RECORDS FOR THE EXERCISE ▸
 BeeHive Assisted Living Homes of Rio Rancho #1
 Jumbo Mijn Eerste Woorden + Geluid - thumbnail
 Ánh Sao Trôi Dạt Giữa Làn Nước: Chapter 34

--

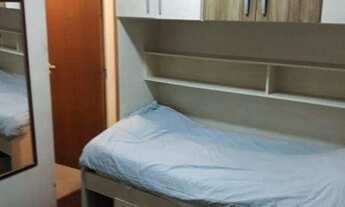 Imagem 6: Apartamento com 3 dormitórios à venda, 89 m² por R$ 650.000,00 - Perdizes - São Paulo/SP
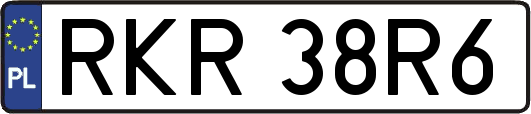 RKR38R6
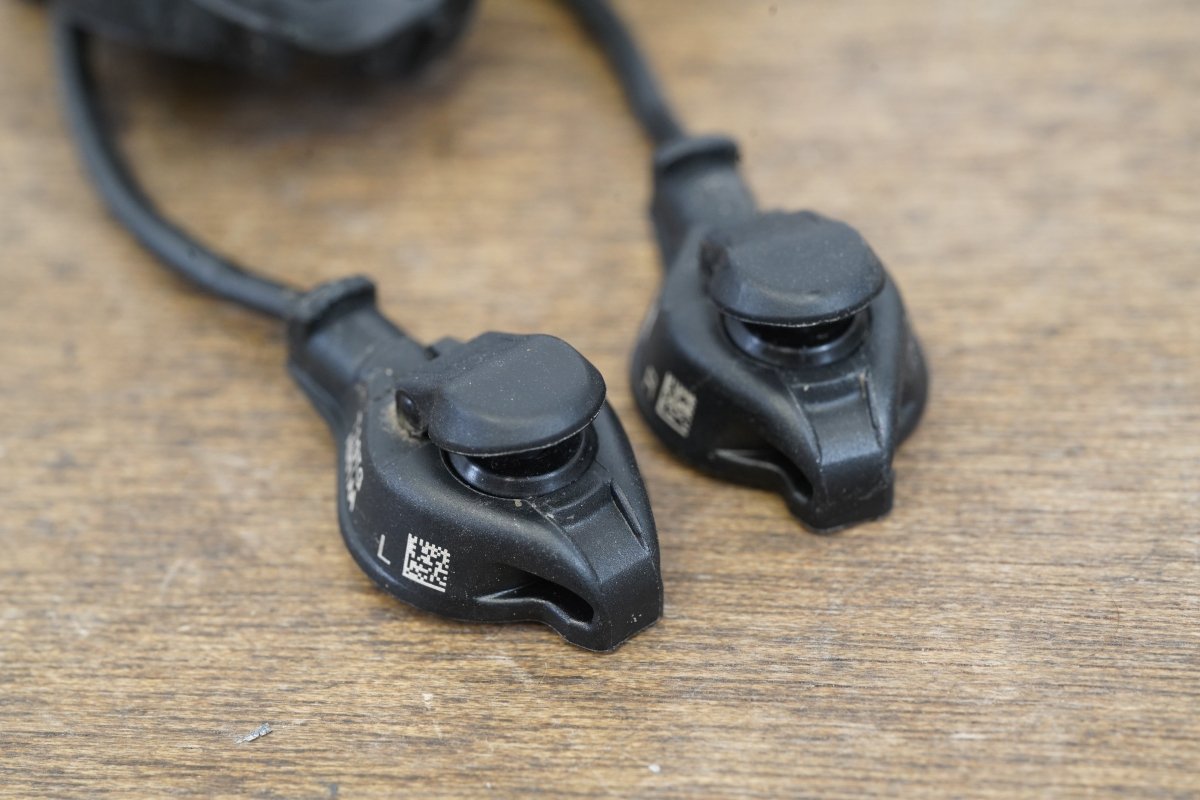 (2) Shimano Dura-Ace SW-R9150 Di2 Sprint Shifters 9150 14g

==

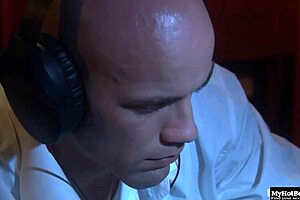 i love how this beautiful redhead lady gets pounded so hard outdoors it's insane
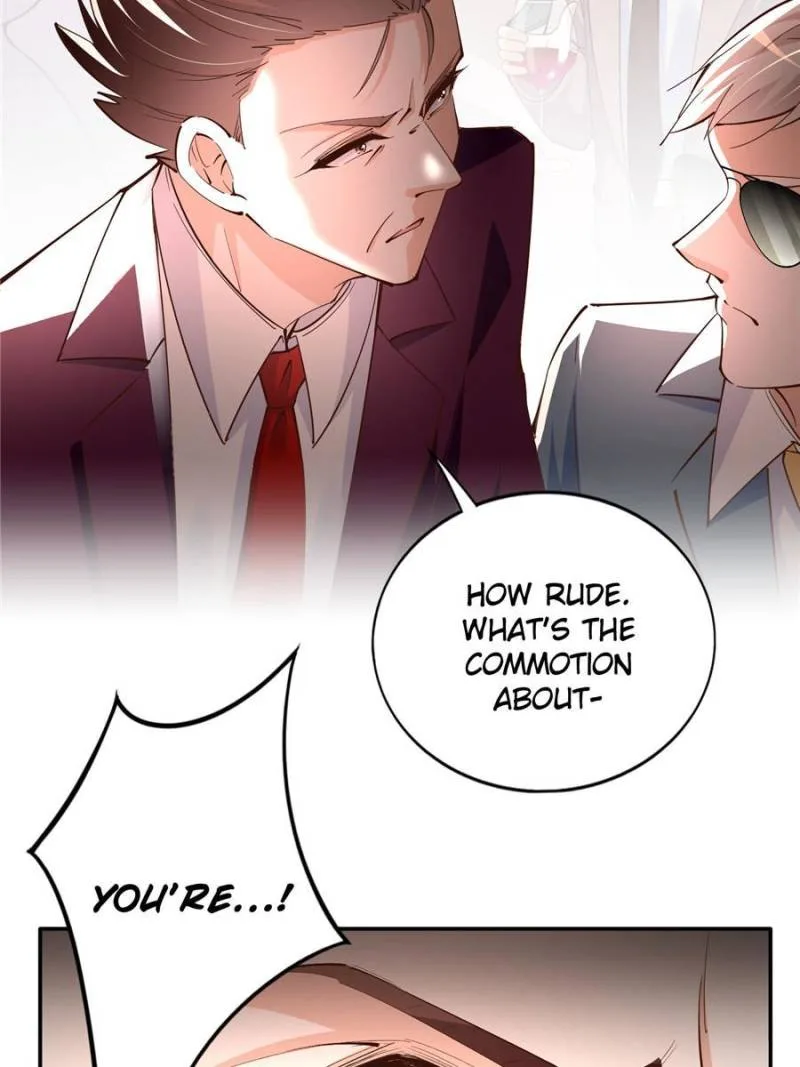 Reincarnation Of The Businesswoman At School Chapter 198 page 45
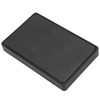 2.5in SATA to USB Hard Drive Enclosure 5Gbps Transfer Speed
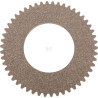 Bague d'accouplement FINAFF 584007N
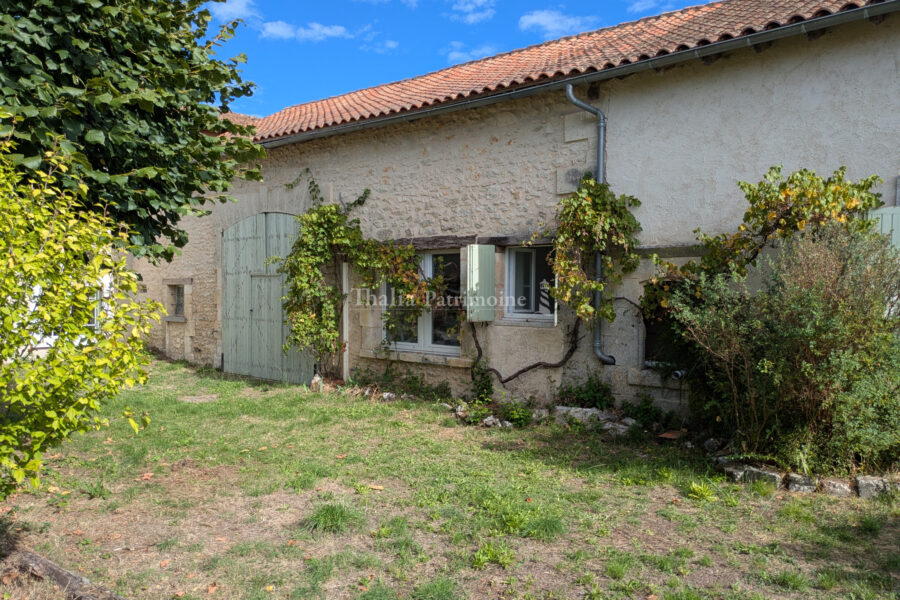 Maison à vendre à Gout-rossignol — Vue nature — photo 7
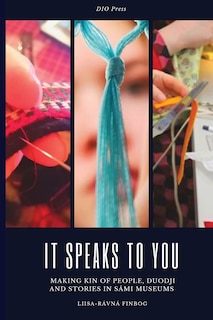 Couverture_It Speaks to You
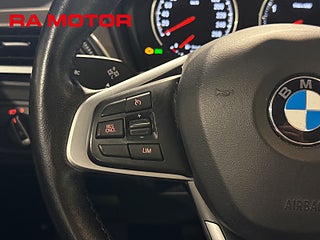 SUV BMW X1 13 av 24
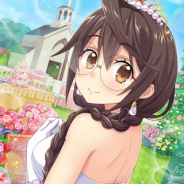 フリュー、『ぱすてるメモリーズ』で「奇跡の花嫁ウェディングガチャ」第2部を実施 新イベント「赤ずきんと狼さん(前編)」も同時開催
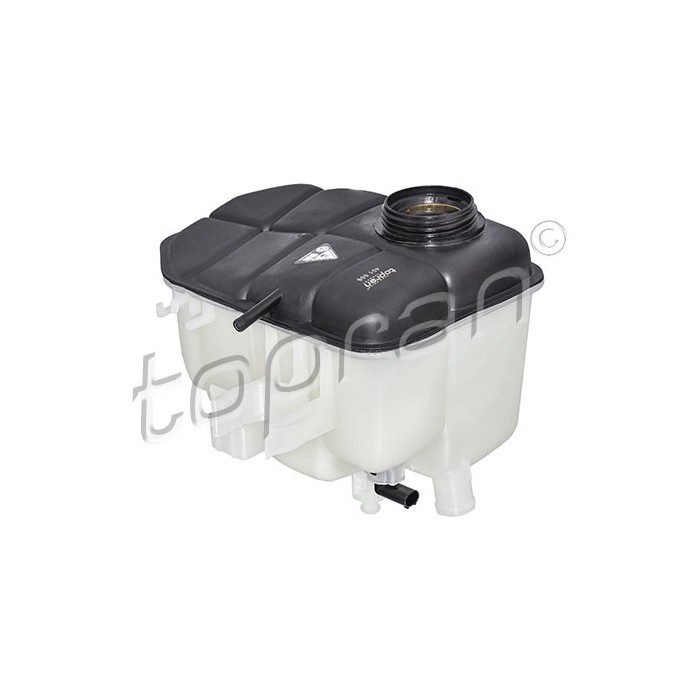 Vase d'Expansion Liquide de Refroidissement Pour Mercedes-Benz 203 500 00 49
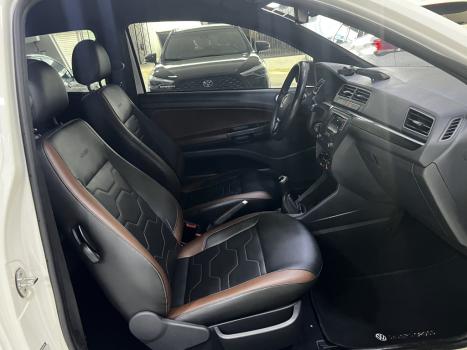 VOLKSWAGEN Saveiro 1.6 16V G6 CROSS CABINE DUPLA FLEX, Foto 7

PROBLEM STATEMENT ▸ Give back, word for word, only the lines above from the line holding "BeeHive Assisted Living" to the line holding "Ánh Sao Trôi Dạt Giữa Làn Nước: Chapter 34", both included.

TASK RESULT ▸
 BeeHive Assisted Living Homes of Rio Rancho #1
 Jumbo Mijn Eerste Woorden + Geluid - thumbnail
 Ánh Sao Trôi Dạt Giữa Làn Nước: Chapter 34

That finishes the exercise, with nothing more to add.